Tree Note

Tree Note:
Not Your Usual Tree Story
by Joan K. Sloan

Re-PLACE-ing Philadelphia is building an expanded archive of cultural memory that includes multiple histories, re-place-ing the established with new narratives and understandings. Notes from invited artists and community members consider place via the street, sound, food, trees, and other portals. 

Re-PLACE-ing Artist/Thinker Marty Pottenger is collecting tree stories from around Philadelphia as a way for individuals to re-anchor and re-place in their personal relationships and narratives with nature. Joan K. Sloan responds.

 

One day back in the late 80’s I received a call from my mother informing me that my dad had been arrested and taken down to the police station. My Dad?!!  I couldn’t believe it. “Mom, what did daddy do?”  My mom replied, “You know your dad, he did something he had no business doing. He chopped down those two cherry blossom trees next to our house.”

I loved those cherry blossom trees. Every time I would visit my parents during “blooming season” I marveled at the delicate pink flowers that gave the trees their fullness and natural beauty. And those blossoms made our freshly painted red and white corner house look so pretty. Everybody said so. I no longer lived at home, but I’d grown up there on Gratz Street; a long and narrow city block of asphalt and cement in the heart of North Philadelphia. Not a blade of grass nor a tree was anywhere to be found. 

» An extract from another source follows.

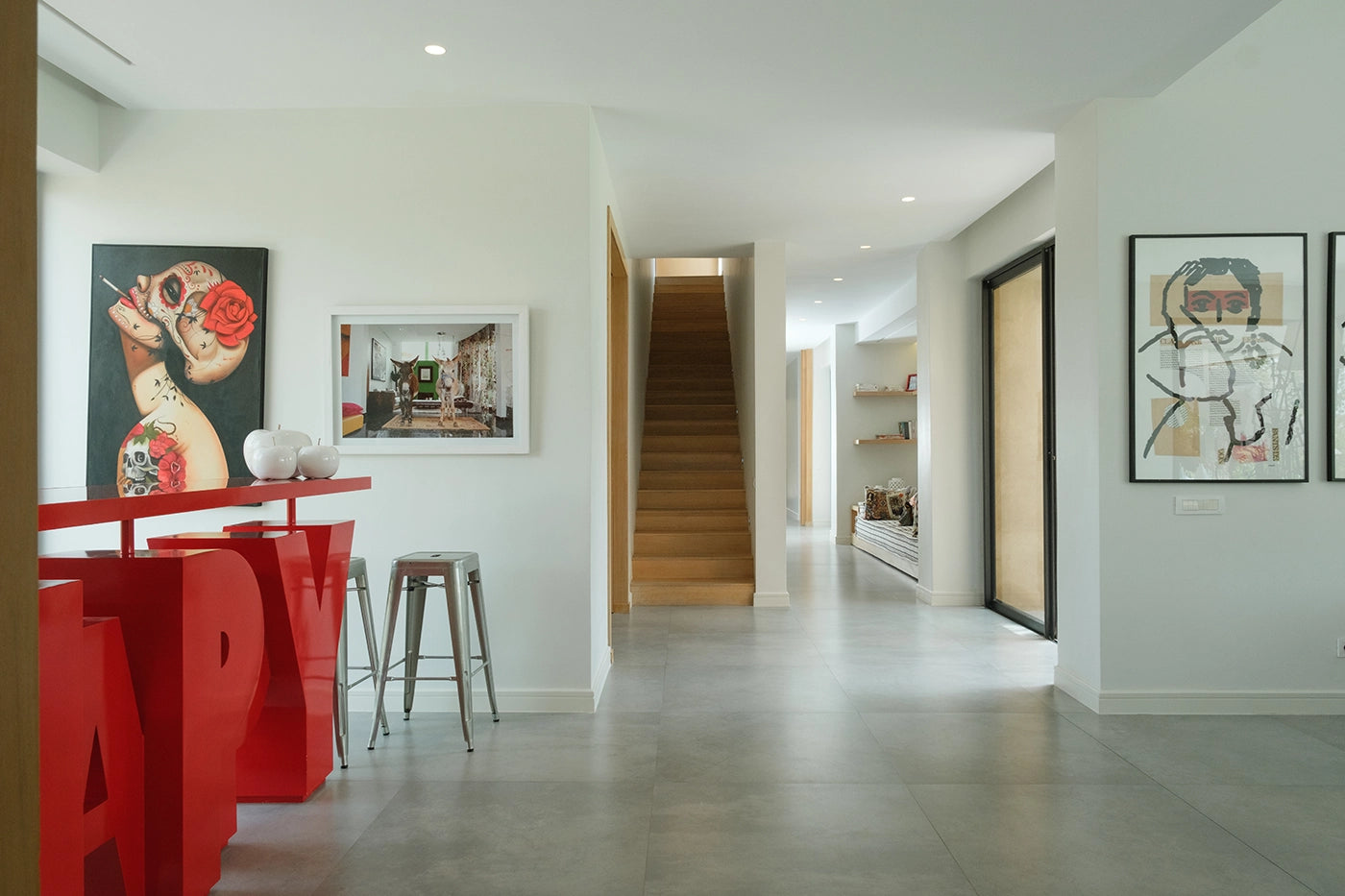 Villa Belya – 6BR Modern Moroccan Villa with Rooftop & Mosaic Pool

In fact, as a young child, I’m told that I screamed and cried the first time I felt grass between my toes on a visit to Fairmount Park. I was truly a kid from the “cement jungle” as our neighborhood was called back in the day.

The cherry blossom trees, a gift of friendship from Japan to Philadelphia in the 20s, had been planted next to our home as part of the city’s beautification program in the 70s. There were even articles written about the cherry blossom trees in North Philadelphia. Those trees enriched our block, our surrounding neighborhood and gave the residents a renewed sense of pride.

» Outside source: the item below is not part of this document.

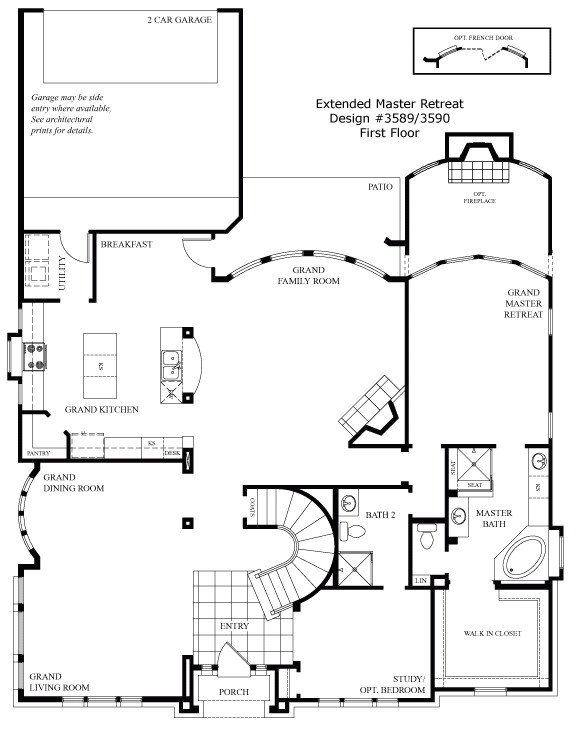 Grand Home Plans Mercedes Homes Grand Hampton Floor Plans Grand Home Plans Mercedes Homes Grand Hampton Floor Plans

When I got the call from my mom that dad had chopped down the cherry blossom trees, the neighborhood had changed over the years since the trees had been planted. All my parent’s peers had moved to Germantown, Tioga or West Oak lane. Many of the blue collar jobs in the clothing industry and factories that had helped people raise and support their families had closed or moved away. The new people who moved in were much younger and the new industry of choice or by default was the drug trade.

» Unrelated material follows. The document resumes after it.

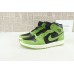 Jordan 1 Mid Altitude Green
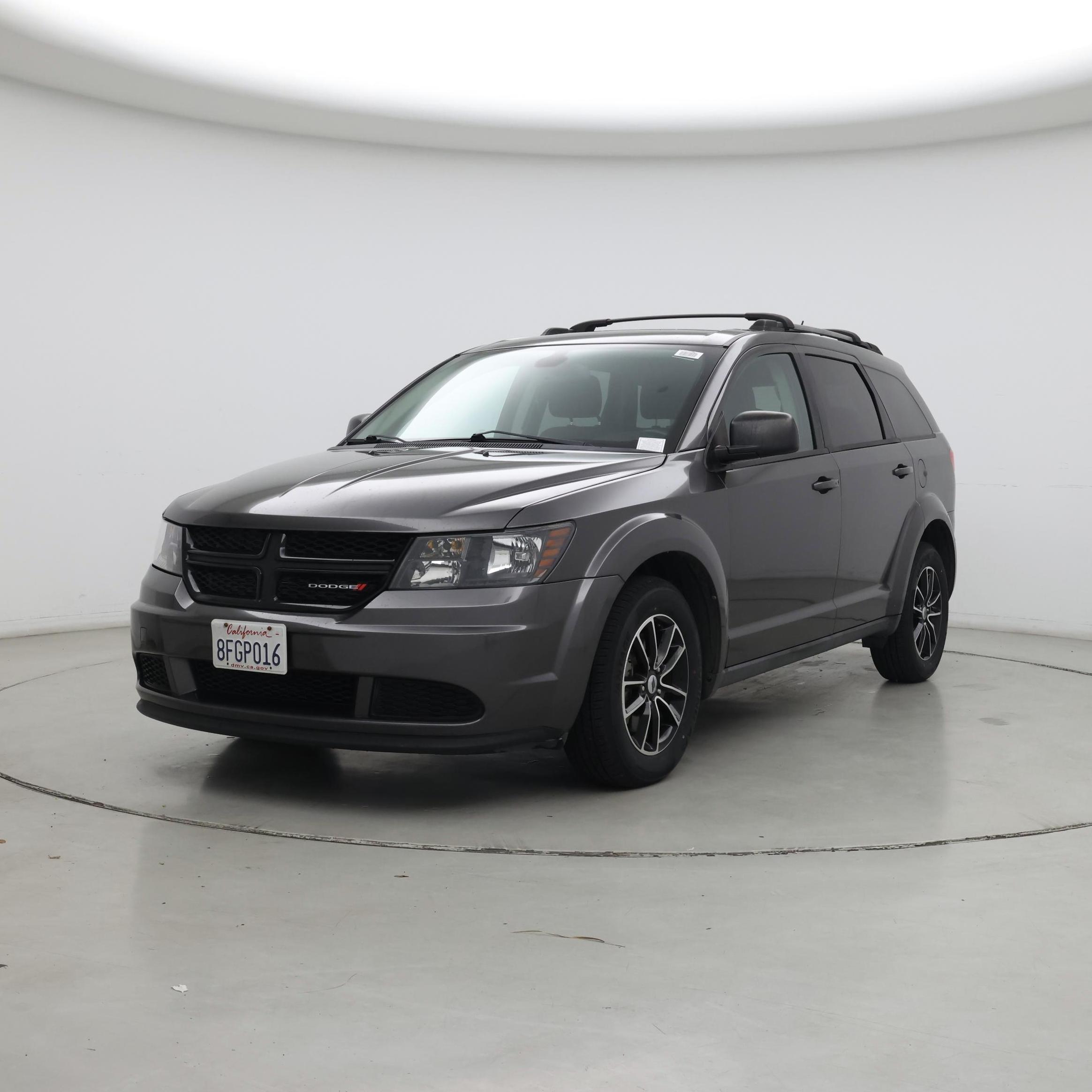 Thumbnail: 2018 Dodge Journey - 4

The drug dealers were stashing there drugs in the tree and they were conducting their drug transactions under the darkness of the trees at night. My dad witnessed this as he came home late from his job as a bus driver and he and mom could also see what was going on from our front window. My dad called the police numerous times with no resolution. And, knowing him as the activist he was, he probably called everyone he knew in city government as well. He even railed against the drug dealers directly, all to no avail. So he took matters into his own hands.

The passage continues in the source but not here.